Ancora oggi la morte di Lidia Macchi è un caso irrisolto. Un mistero che attraversa il tempo senza l’identità del colpevole e che non smette di mordere il cuore di Paola Bettoni, madre della giovane uccisa nel 1987. La donna, riporta il settimanale Giallo, avrebbe espresso così la sua delusione: “Ho tutto il diritto anch’io di denunciare lo Stato. Nel mio caso c’è stato un giudice che con noncuranza ha distrutto dei reperti, in teoria in custodia dello Stato, che sarebbero stati indubbiamente utili a risolvere il delitto”. Secondo la donna, anche lei, al pari di Stefano Binda. avrebbe subito un’ingiustizia non riuscendo a ottenere verità sulla morte della figlia.

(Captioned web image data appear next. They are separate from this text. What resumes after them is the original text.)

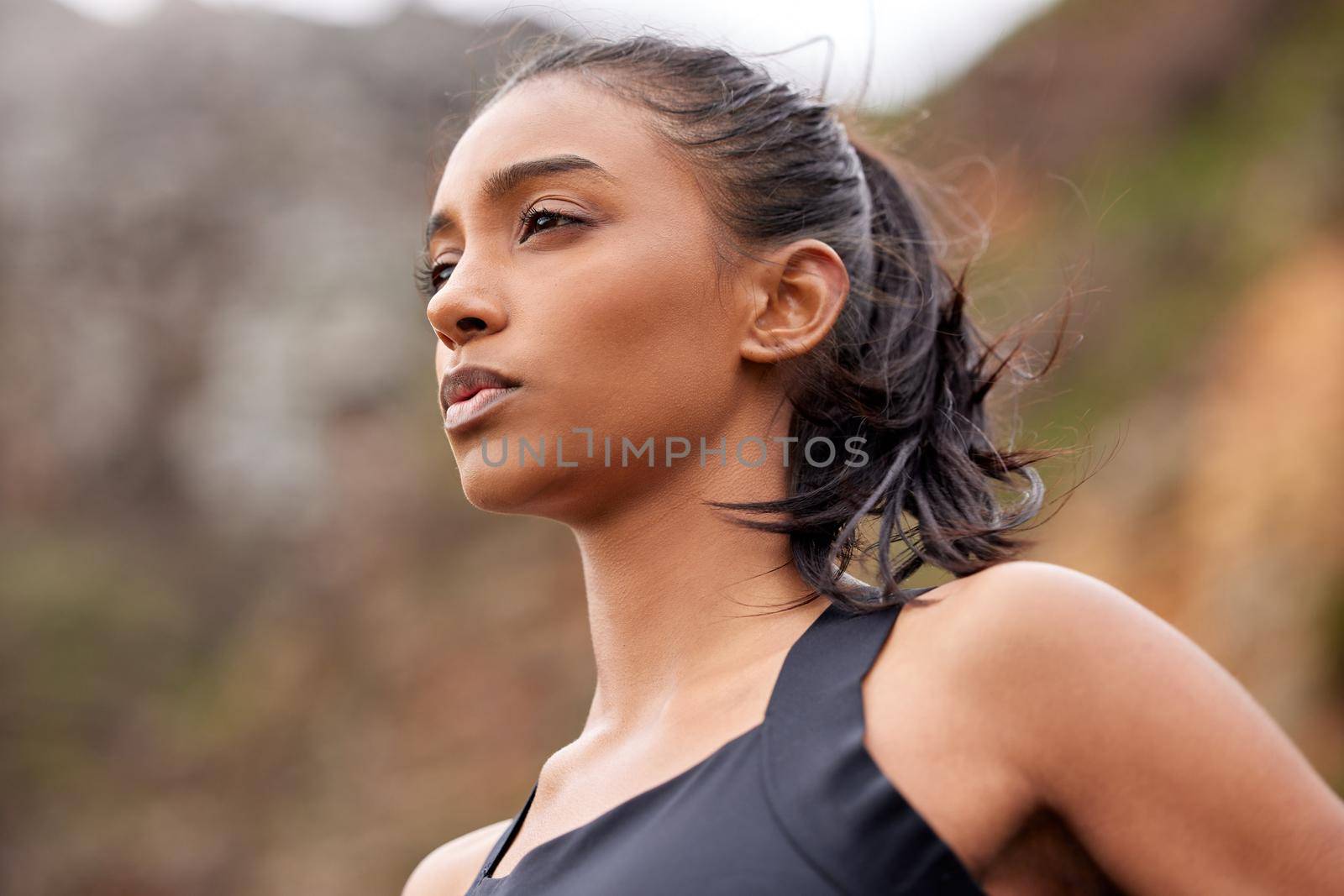 You can do it out your MIND into it. Shot of a fit young woman catching her breathe while completing her jog outdoors. by YuriArcurs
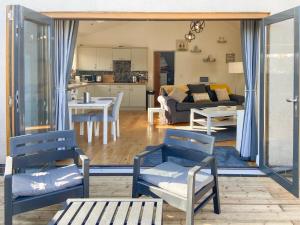 a living room with a couch and a table and chairs at Woodside Retreat, Number 37 in Worthington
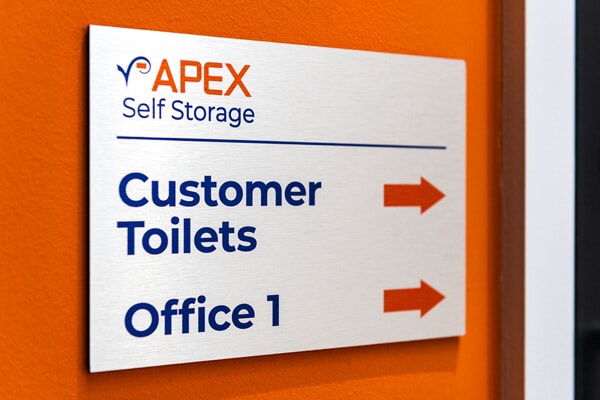An image of indoor wayfinding signage for bathrooms and office 1.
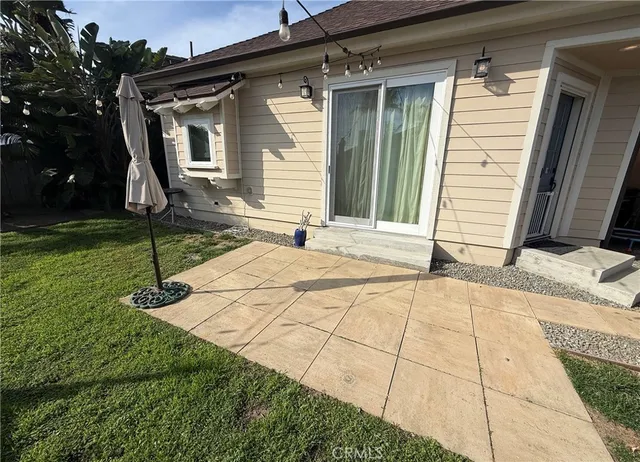 a backyard of a house with yard and barbeque oven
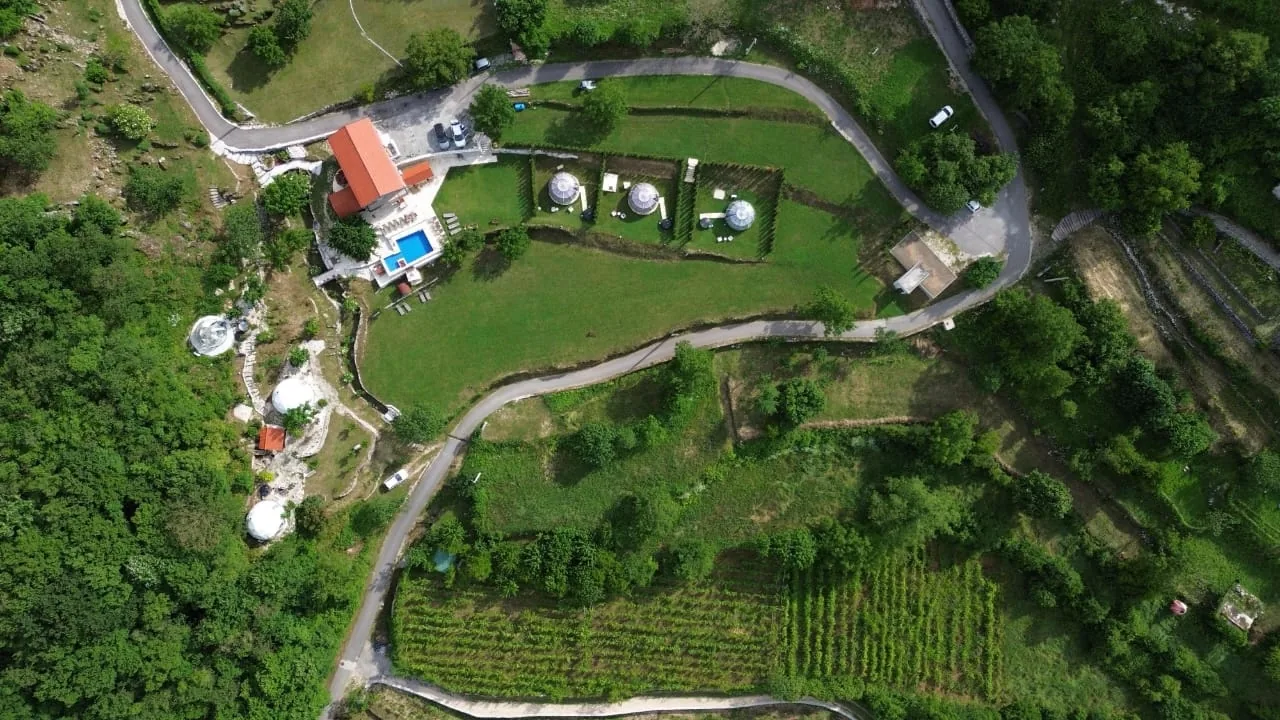 Aerial drone view of the Zen Relaxing Village domes, pool and vineyard in the mountains of Gornji Ceklin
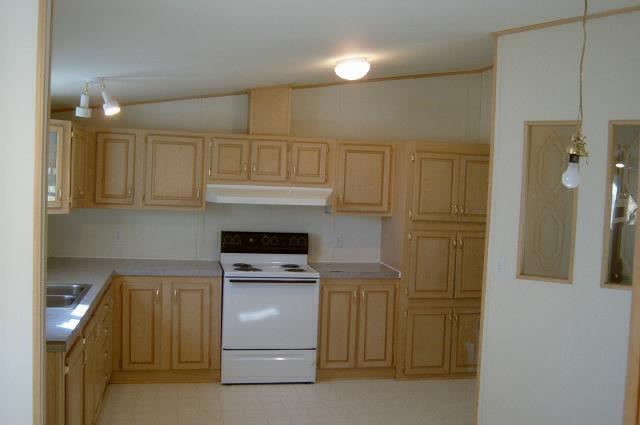 331 Vance Road Mabton, WA 98935 - Photo 3 of 9 a kitchen with cabinets and appliances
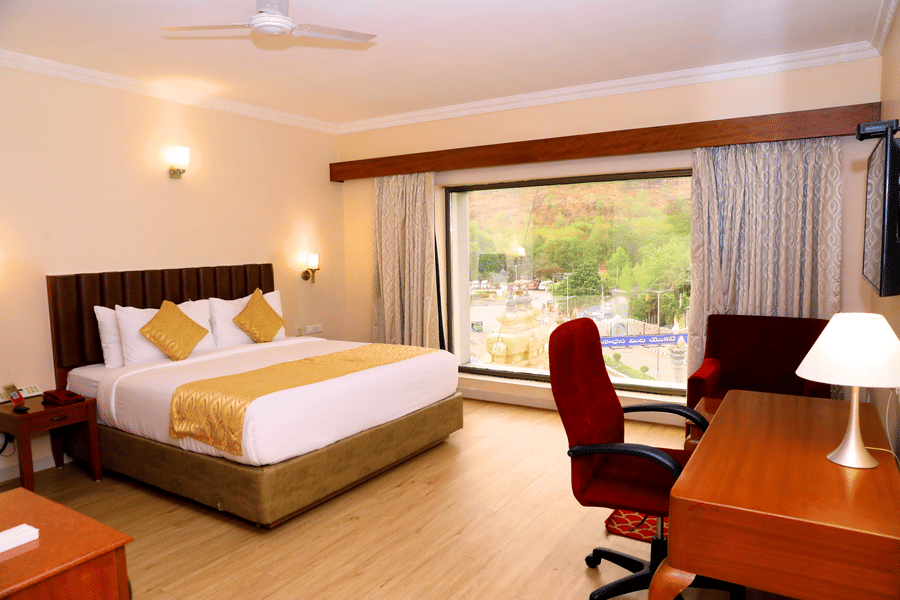 Hill View Room featuring a floor to ceiling window, a double bed, and desk and a chair inside Raj Park, one of the top hotels in Tirupati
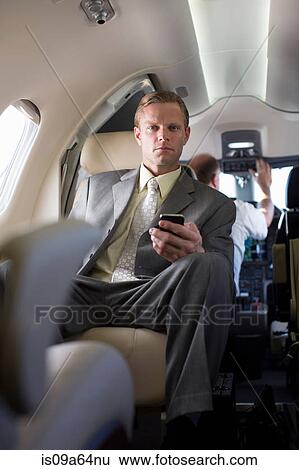 Stock Photograph - Businessman using cell phone on airplane. Fotosearch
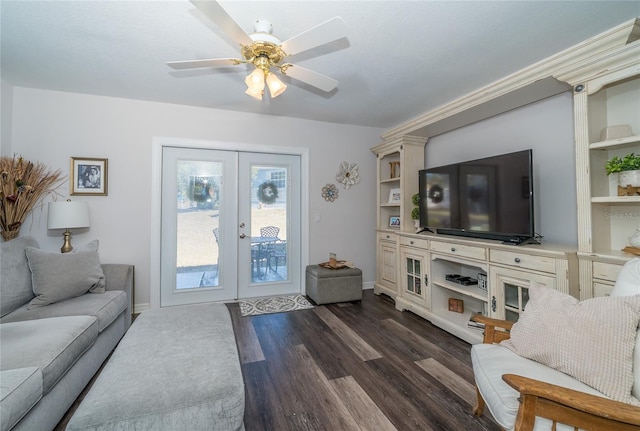 living room with dark hardwood / wood-style floors, ceiling fan, and french doors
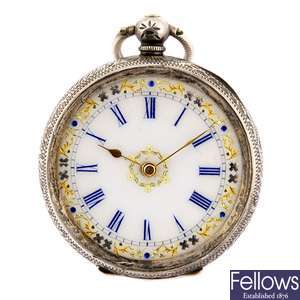 A continental white metal key wind pocket watch with a base metal trench style watch head.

Anche la madre di Lidia Macchi, secondo il settimanale, starebbe meditando di agire per via legale dopo la presunta distruzione di reperti che avrebbero potuto, a suo dire, contribuire a dare un nome e un volto all’assassino della 20enne. Il tema è rovente sul tavolo delle cronache, e non solo per il delitto di Lidia Macchi. Recentemente, la questione della conservazione dei reperti nei casi di omicidio è tornata in testa dopo la notizia della presunta distruzione di alcuni di quelli relativi alla strage di Erba e al delitto di Yara Gambirasio, che non sarebbero mai stati concessi all’analisi delle rispettive difese dei condannati (rispettivamente i coniugi Romano-Bazzi e Massimo Bossetti).